AIIMS 2003 Physics Fluid Dynamics MCQ Question

To analyze the motion of a lead shot of 1 mm diameter falling through a long column of glycerine, we need to understand the dynamics of an object falling through a viscous fluid. This is a classic problem in fluid dynamics, illustrating the effects of drag force on motion.

Explanation of the Correct Answer (C)

When an object falls through a fluid, it experiences three primary forces:

1. Weight (Gravitational Force): This force pulls the object downward and is given by: $F_g = mg$ where $m$ is the mass of the object and $g$ is the acceleration due to gravity.

2. Buoyant Force: This force acts upward and is equal to the weight of the fluid displaced by the object, given by Archimedes’ principle: $F_b = \rho_f V g$ where $\rho_f$ is the density of the fluid, $V$ is the volume of the object, and $g$ is the acceleration due to gravity.

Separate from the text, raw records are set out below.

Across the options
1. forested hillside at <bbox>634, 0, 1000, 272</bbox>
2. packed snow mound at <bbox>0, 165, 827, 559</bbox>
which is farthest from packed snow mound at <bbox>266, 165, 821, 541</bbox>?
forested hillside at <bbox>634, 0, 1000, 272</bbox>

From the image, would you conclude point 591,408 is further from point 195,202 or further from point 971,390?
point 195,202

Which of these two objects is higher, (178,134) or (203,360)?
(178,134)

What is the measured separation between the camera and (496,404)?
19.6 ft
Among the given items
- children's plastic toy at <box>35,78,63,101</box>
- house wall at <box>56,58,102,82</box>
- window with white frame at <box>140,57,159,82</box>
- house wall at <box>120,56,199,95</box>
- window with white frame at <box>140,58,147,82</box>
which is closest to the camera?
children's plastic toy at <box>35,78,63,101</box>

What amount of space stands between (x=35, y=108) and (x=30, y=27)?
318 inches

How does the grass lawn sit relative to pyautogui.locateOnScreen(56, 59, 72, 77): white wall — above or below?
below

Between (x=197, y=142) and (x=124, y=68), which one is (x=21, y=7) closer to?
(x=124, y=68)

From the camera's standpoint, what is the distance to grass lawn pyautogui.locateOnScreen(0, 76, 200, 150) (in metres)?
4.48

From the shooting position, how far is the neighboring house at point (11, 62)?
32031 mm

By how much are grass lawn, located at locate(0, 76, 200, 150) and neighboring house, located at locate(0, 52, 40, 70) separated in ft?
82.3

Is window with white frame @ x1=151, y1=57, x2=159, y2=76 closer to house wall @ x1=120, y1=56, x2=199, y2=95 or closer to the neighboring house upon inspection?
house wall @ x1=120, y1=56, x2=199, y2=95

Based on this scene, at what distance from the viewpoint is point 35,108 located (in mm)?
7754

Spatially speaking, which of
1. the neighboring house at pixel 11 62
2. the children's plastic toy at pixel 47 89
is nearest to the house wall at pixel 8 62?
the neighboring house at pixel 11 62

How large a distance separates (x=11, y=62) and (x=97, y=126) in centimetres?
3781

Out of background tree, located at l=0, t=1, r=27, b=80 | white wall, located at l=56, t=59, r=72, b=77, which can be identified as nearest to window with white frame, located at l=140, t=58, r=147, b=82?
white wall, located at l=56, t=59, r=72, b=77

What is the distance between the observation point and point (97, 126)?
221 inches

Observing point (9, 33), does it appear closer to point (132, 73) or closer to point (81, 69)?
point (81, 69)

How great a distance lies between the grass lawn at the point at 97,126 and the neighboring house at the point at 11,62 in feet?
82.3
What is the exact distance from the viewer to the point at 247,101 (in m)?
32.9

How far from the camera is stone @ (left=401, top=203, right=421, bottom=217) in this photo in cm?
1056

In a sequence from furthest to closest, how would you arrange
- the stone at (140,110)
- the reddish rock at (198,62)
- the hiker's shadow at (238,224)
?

3. Drag Force: As the object moves through the fluid, it experiences a drag force that opposes its motion. For small spheres in a viscous fluid, the drag force can be described by Stokes' Law: $F_d = 6\pi \eta r v$ where $\eta$ is the dynamic viscosity of the fluid, $r$ is the radius of the sphere, and $v$ is the velocity of the object.

Motion Analysis

Initially, when the lead shot is dropped, it accelerates due to gravity until the drag force balances the gravitational force. At terminal velocity $v_t$, the net force acting on the lead shot becomes zero. This condition can be expressed as: $F_g - F_b - F_d = 0$

Substituting the forces into the equation: $mg - \rho_f V g - 6\pi \eta r v_t = 0$

By solving this equation, we can find the terminal velocity $v_t$:

1. The volume $V$ of the lead shot (spherical) is given by: $V = \frac{4}{3} \pi r^3$ where $r = 0.5 \text{ mm} = 0.0005 \text{ m}$.

2. Rearranging the balance of forces gives: $v_t = \frac{(mg - \rho_f V g)}{6\pi \eta r}$

As the lead shot falls through the glycerine, the velocity $v$ initially increases until it reaches a steady state (terminal velocity) where it no longer accelerates. This results in a characteristic curve where velocity increases with distance initially and then levels off as it approaches terminal velocity.

Why Other Options Are Incorrect

Since the question specifically states that option C is the correct representation of the velocity versus distance graph for the lead shot in glycerine, options D (and any other options) must not accurately represent this behavior. The common characteristics of the options could be:

• They may suggest an incorrect linear relationship indicating constant acceleration or deceleration rather than leveling off, which does not occur in viscous drag scenarios.
• They might not reflect the asymptotic nature of the terminal velocity.

Conclusion

In summary, the falling lead shot's velocity increases rapidly at first but then approaches a maximum constant value (terminal velocity) due to the balance of forces acting on it. This is characteristic of motion in a viscous fluid like glycerine, confirming that option C accurately depicts the situation described in the problem.

Understanding these dynamics is crucial for mastering concepts in fluid mechanics and preparing for NEET/JEE exams.